National Returns Day came over two weeks early this year, when an estimated 1.5 million packages were shipped on Dec. 19, six full days before Christmas; only 1.3 million are expected to ship on Jan. 3, the day returns typically surge. The reason for this seismic shift is the returns process has become so cheap and easy that it makes buying a product on a whim a pain-free choice.

Child wear Santa hat crying

Retailers have made the returns process so cost-free for consumers it could become painful for their own bottom lines. Image source: Getty Images.

Return to sender

Christmas returns started earlier than ever this year, which UPS ascribes to consumers getting a jump on holiday shopping. Consumers ramped up their gift buying well before Black Friday, and were expected to return 1 million packages a day every day in December. 

UPS pointed to a number of factors playing a role in this shift, not least of which was people being more self-indulgent and buying themselves presents because retailer promotions were so good this year. But it's also a result of retailers eliminating the pain point of making a return.

UPS' Pulse of the Online Shopper study says 79% of consumers consider whether a retailer has free shipping when making a purchase, because the biggest issue 44% of them encounter when making a return is paying the cost or shipping the item back. It also noted that returns specialist Optoro found 89% of customers would not shop again at a retailer if their returns experience was suboptimal. Since the cost of a return is one of the biggest stumbling block for many, eliminating it makes sense, even if it is expensive.

The high cost of customer satisfaction

There is a consumer shopping boom under way this year. The National Retail Federation estimates retail sales will increase as much as 4.8% this year over 2017, and they were up 5% in November alone.
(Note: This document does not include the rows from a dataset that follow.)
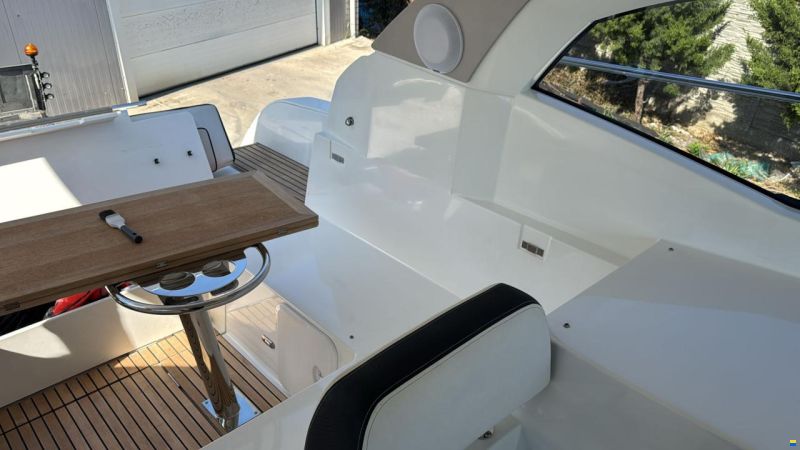 Jeanneau Leader 36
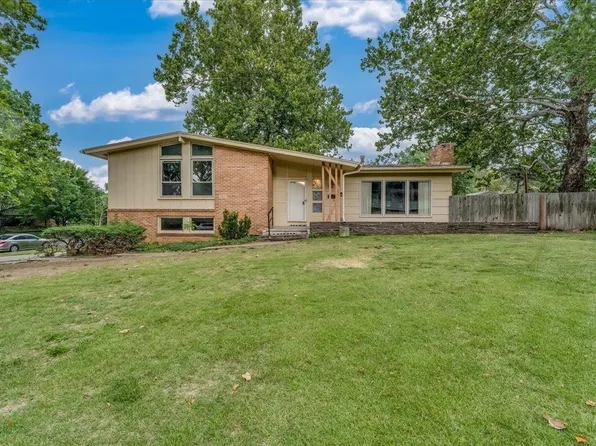 9801 W Shade Ave, Wichita, KS 67212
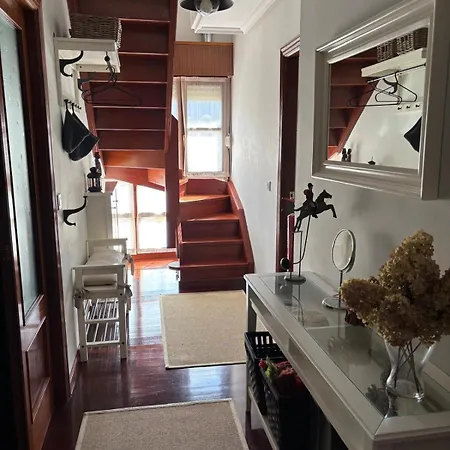 アパート La Terraza De Picos De Europa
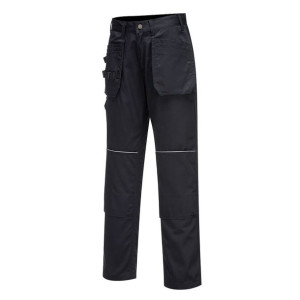 Spodnie Tradesman PORTWEST [C720] Czarny 40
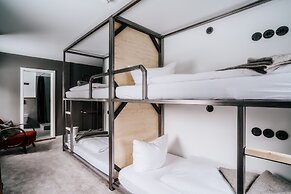 The Hearts Hotel Boutique und Event Resort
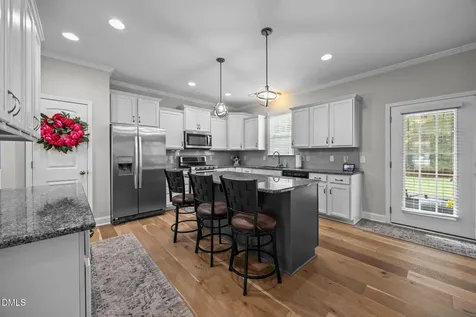 4145 Weavers Pond Drive Zebulon NC 27597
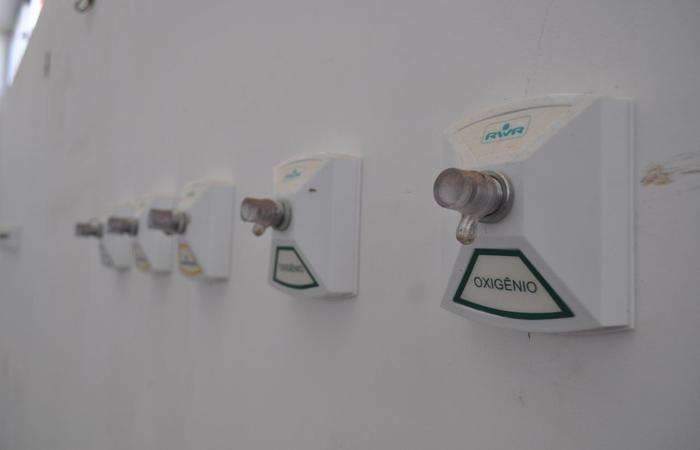 /Foto: Aquilles Soares  (Secom/PMG)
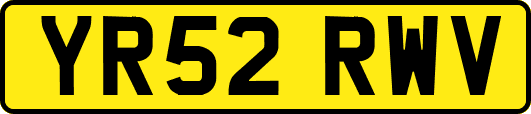 YR52RWV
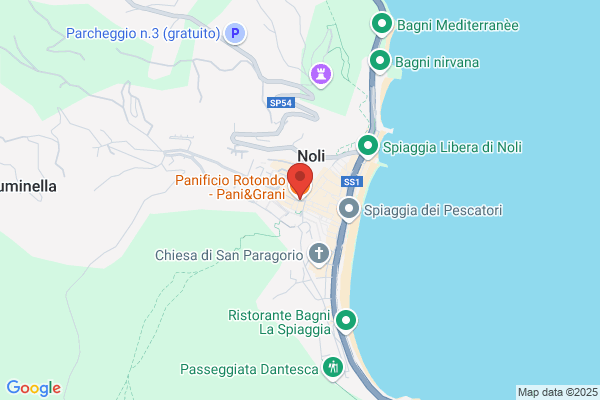 Il Fornaio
The retail organization estimates consumers will spend over $1,000 this year on holiday decorations, candy, and gifts, both for others and themselves, seemingly in line with what UPS is seeing.

The dark side to all of this is that shipping is not cheap, whether it is the initial purchase of an item or its return. Worse, online shopping returns are a much larger percentage of the total.

Bloomberg has said almost one-third of all online purchases result in an item being returned, compared to just 9% of physical-store sales, while the expense of handling returns can range from 20% to 65% of an e-commerce site's cost of goods sold. Amazon.com (AMZN 2.76%) spent $21 billion on shipping costs last year, and it could spend as much as $30 billion this year. Obviously that's not just returns, but it shows that shipping costs are not an inconsiderable sum, and can't be ignored.

Even if Amazon is accounting for almost half of all online sales, it also has over 100 million members paying for shipping ahead of time through Prime membership subscriptions, which helps offset the actual cost. Other retailers do not have similar offsetting plans in place, meaning that although the boost in early shopping can inflate the top line, the abundance of product returns and the costs the retailer has to bear to ease the process for consumers will have a direct impact on their bottom lines.